When you know more about how people look at a website, what catches their attention, what appeals to their senses, and what spurs them into action, we can create more effective website designs. Psychology is a complicated and thorough subject on its own, but even incorporating some basic principles and common sense into your next web design project can make a big difference.
With every web design project, we make sure the sitemap (layout and hierarchy of pages) makes sense. Every page should have a unique focus. This is good for the user and search engines.
We all know that certain colours can evoke certain emotions. Consider what sort of emotions you might like to encourage in people.
Nowadays when we talk to a client about what they would like to see in a web design, one of the most common words we hear is ‘clean’. This means the effective use of white space to avoid clutter and confusion.
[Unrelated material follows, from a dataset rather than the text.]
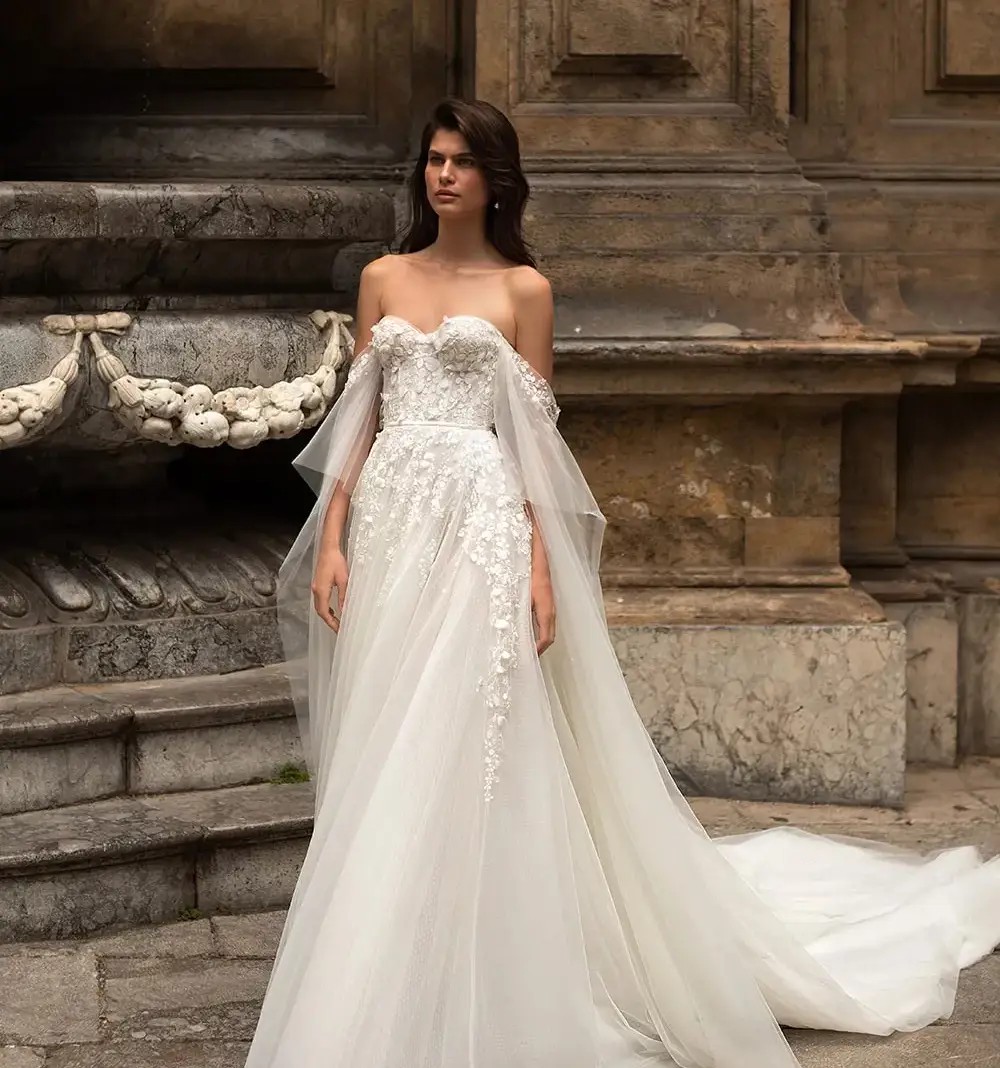 Our Favorite Wedding Gowns Inspired by Love Image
It allows people to feel more at ease, it makes content more readable, and it encourages people to navigate further and do more on the site.
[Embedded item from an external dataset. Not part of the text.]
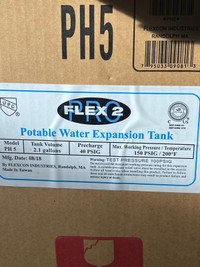 Potable Water Expansion Tank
In marketing, this is referred to as ‘calls-to-action’, meaning, “what is it you want people to do?”. For any particular page, focus on only one or two calls-to-action. This will increase the chances of someone actually taking action.
Website users tend to scan/read a web page in a ‘Z’-shaped fashion, moving from left to right across the top, then moving diagonally down to the left and back to the right again. This is important when considering where to play those ‘calls-to-action’ as mentioned above!
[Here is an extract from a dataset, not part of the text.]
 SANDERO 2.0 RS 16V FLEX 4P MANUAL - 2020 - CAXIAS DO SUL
It sounds like a Catch 22, but we in fact read wider width blocks of text faster (because no interuptions through line breaks), and yet are more enticed to read shorter width blocks of text (because it looks shorter). So the strategy may be to include a bit of both.
According to a study called Eyetrack III, big bold headlines catch more peoples’ attention than even a nice image!
Within the actual content area of a web page, it is the image captions that are read the most.
There is of course, much more that’s involved when incorporating psychology into an effective web design, but here is a good basic starting point. After we develop a full understanding of a client’s needs, business goals, and target audiences, we then incorporate psychological factors into our web design process to help our client deliver on those goals.